How did Flaubert, Baudelaire, Proust, and other writers inform the creator of “documentary-style” photography?

Walker Evans, Self-Portrait Seated on Floor Against Wall with Dark Cloth Around Neck, 1930–31 © Walker Evans Archive, The Metropolitan Museum of Art via Art Resource, New York
Of all the various practices of photography—advertising, industrial imaging, family albums, and the rest—it is perhaps photojournalism that brings together word and image most often and most necessarily. Usually it involves two people—a photographer and a writer—collaborating, ideally. Sometimes the photographer writes, but this is less common than the writer who photographs. In an economic climate that is challenging for photojournalism (to put it mildly) it seems easier to get a writer to photograph than it is to get a photographer to write.
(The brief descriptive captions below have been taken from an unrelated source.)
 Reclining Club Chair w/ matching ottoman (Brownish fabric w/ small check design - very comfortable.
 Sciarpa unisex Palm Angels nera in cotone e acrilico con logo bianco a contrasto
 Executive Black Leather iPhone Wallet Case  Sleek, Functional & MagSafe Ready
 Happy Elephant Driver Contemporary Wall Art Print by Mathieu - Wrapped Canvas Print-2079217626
But there have been a handful of individuals who wanted and were able to do both. One of the most remarkable was Walker Evans.
Evans’s first calling was the written word. At college he studied French literature and was an avid reader of the cutting- edge literary journals of the 1920s, when fussy Victorian prose was giving way to the lucid and fragmentary language of modern life, and James Joyce and T.S. Eliot were idolized. During a year in Paris (1926–27) Evans also read Flaubert, Baudelaire, Proust, and others. He attempted to write, in the form of short and intense prose pieces, but the ambition was crushing: “I wanted so much to write that I couldn’t write a word,” he recalled at the end of his career. Returning to New York in 1927, he sensed the camera might offer the descriptive and expressive power that had eluded him in words, but he never lost the desire to write.
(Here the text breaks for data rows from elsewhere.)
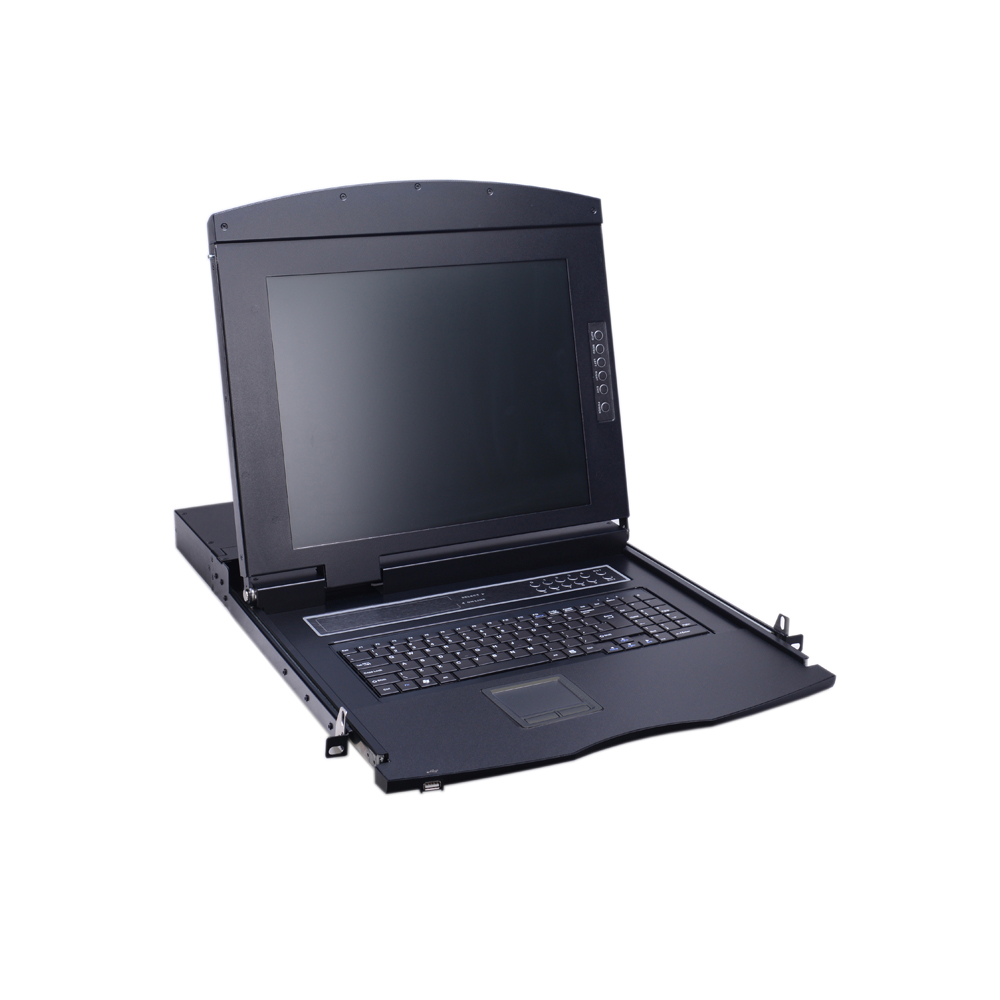 AS-7108ULS (Single Rail, VGA Series 17” LCD KVM Switch 8 Ports)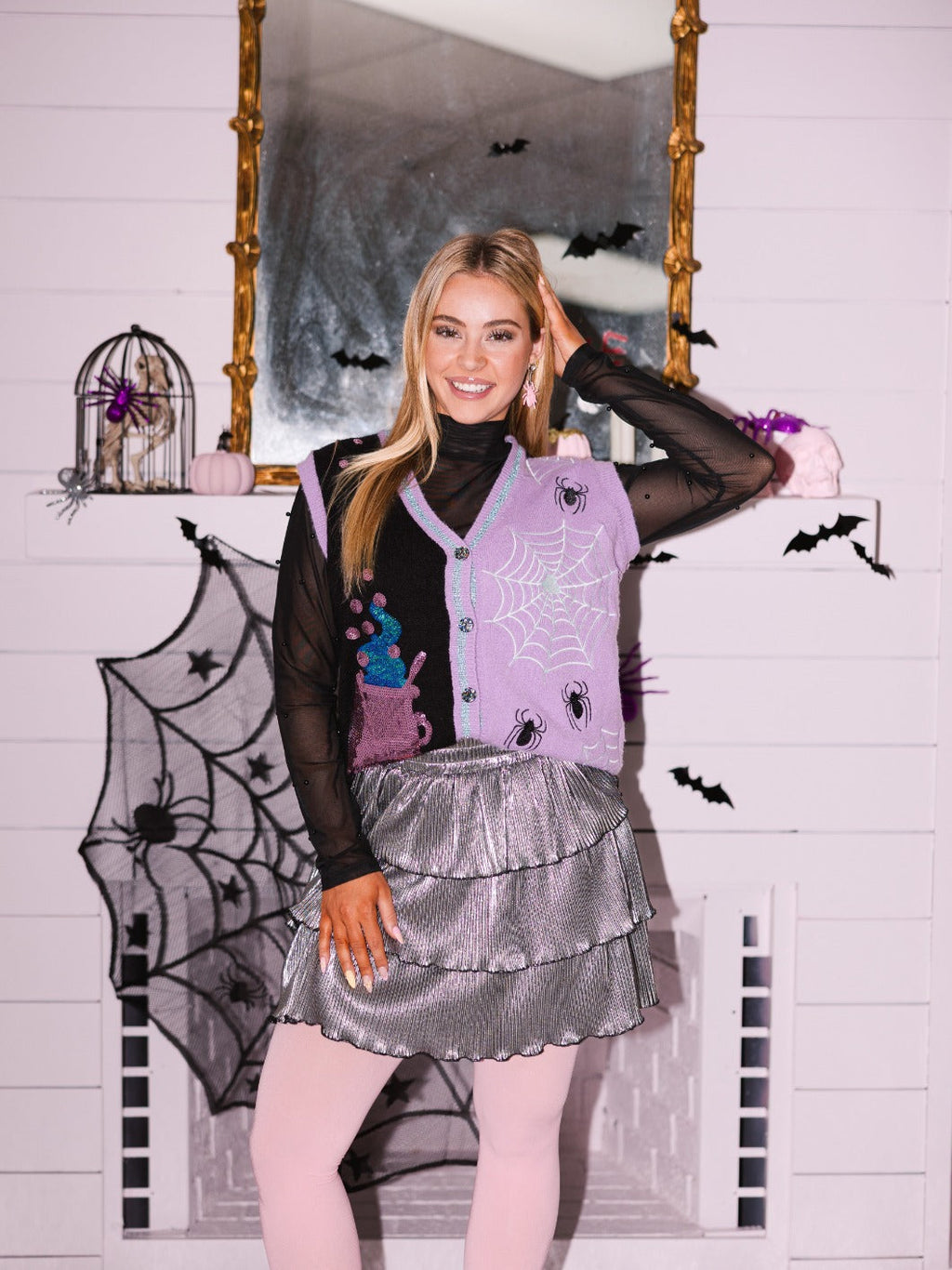 Silver Shimmer Ruffle Skort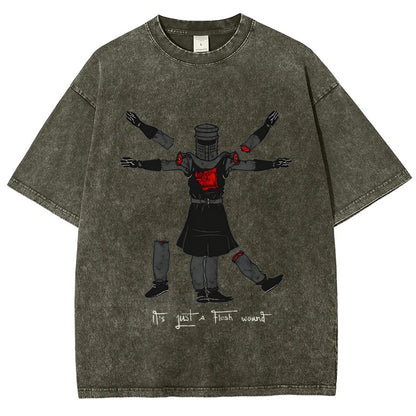 Vitruvian Man- Black Knight Vintage Distressed T-shirt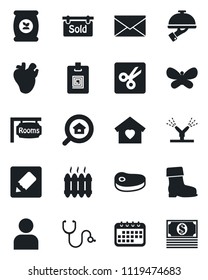 Set of vector isolated black icon - mail vector, boot, butterfly, fertilizer, stethoscope, real heart, user, notes, cut, identity card, rooms, sold signboard, estate search, sweet home, heater, cash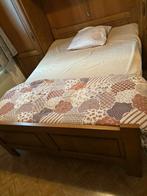 TWEEPERSOONS BED, Ophalen, Bruin, Tweepersoons, 140 cm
In August 1929, at the age of twenty-five, Evans was first published. A new magazine titled Alhambra carried two unrelated contributions: a typically modernist photograph of soaring cranes constructing the Lincoln Building on Manhattan’s East 42nd Street, and an accomplished translation from the French of an extract of Moravagine (1926), Blaise Cendrars’s delirious novel about a psychotic killer. Evans’s image was too deferential to
the city’s spectacle but Cendrars’s language came close to the frank but equivocal description that would come to define Evans’s photography.
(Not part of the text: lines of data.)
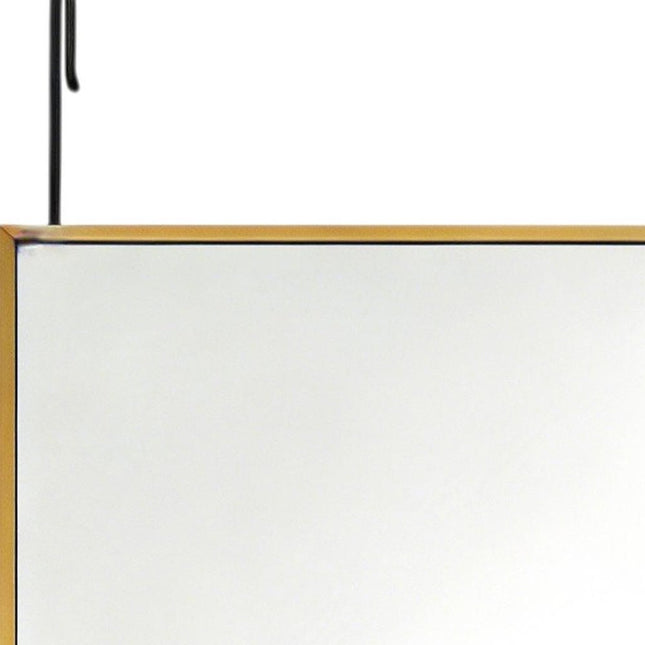 47" Gold Aluminum Over the Door Framed Accent Mirror HomeRoots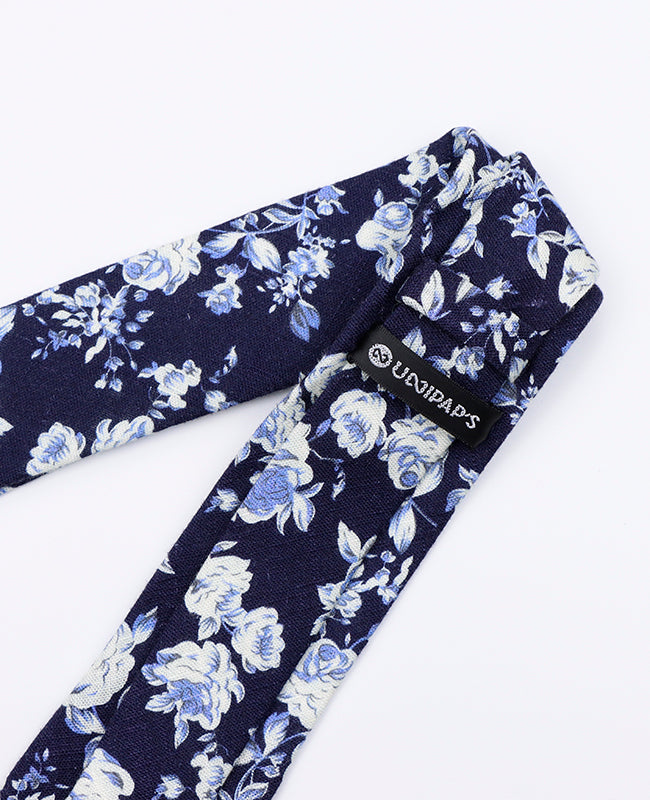 Cravatta Liberty Blu n°6 Uomo in Cotone | Charles - Unipap's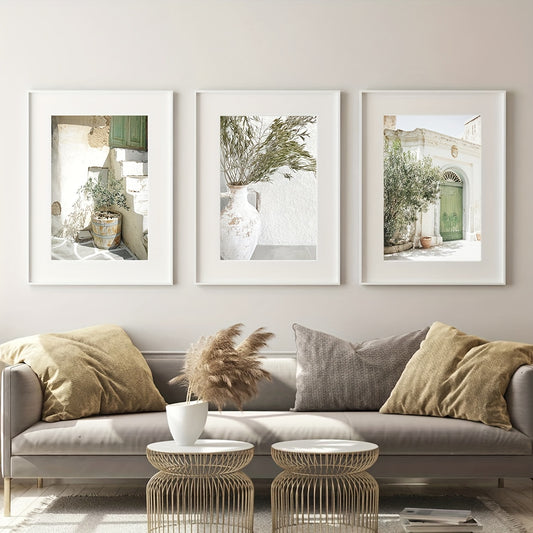 Olive tree landscape art prints set of 3 rustic wall decor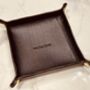 Personalised Dark Brown Square Leather Accessories Tray, thumbnail 5 of 12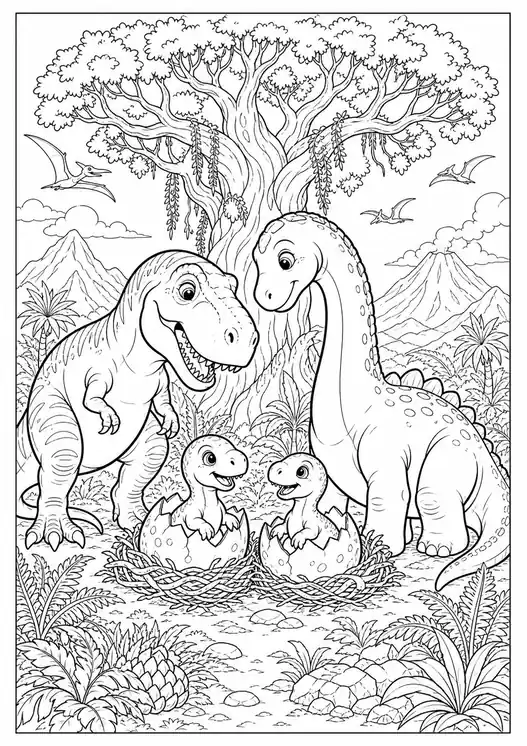 Dinosaur Family Under a Tree printable coloring page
While perfecting what he came to call “documentary-style” photography, Evans produced sequences of images to sit along- side texts by other writers: Carleton Beals’s political exposé The Crime of Cuba (1933), the experimental journalism of James Agee’s Let Us Now Praise Famous Men: Three Tenant Families (1941), and Karl Bickel’s documentary travel book The Mangrove Coast: The Story of the West Coast of Florida (1942). Rather than being smoothly integrated in the manner of populist books and mainstream magazines, in each case Evans’s images sat apart from the text, obliging the reader–viewers to actively negotiate their own response.
Evans did take commissions from magazines, and sometimes this led to interesting work. In 1937 Fortune magazine published “Six Days at Sea,” Evans and James Agee’s sly observation of a tourist cruise to Havana (an assignment conducted entirely incognito). Evans worked with the journalist Katherine Hamill to produce a report on slum clearance and social housing in 1939 for Harper’s Bazaar. In 1943 he landed a job as a writer at Time, reviewing films, books, and exhibitions. Agee was on the staff, as were James Stern and Saul Bellow. With a little help from Agee, Evans soon mastered Time’s concise, urbane, and witty house style. He drew readers’ attention to gems of popular culture and obscure treasures: the Krazy Kat cartoon strip, children’s art, the little-known sculptures of Edgar Degas, Winston Churchill’s paintings, anatomical drawings, and self-portraits.
Two years later Evans became the only staff photographer at Fortune. This offered the chance to get more involved in the form his work might take on the page. But the real breakthrough came in 1948 when he was made Fortune’s special photographic editor. Part of his task was to advise on the magazine’s visual style, but in answering directly to the managing editor rather than the art director, Evans was able to set his own assignments. With a degree of autonomy unheard of in magazines before or since, he would shoot, edit, write, and design his pages.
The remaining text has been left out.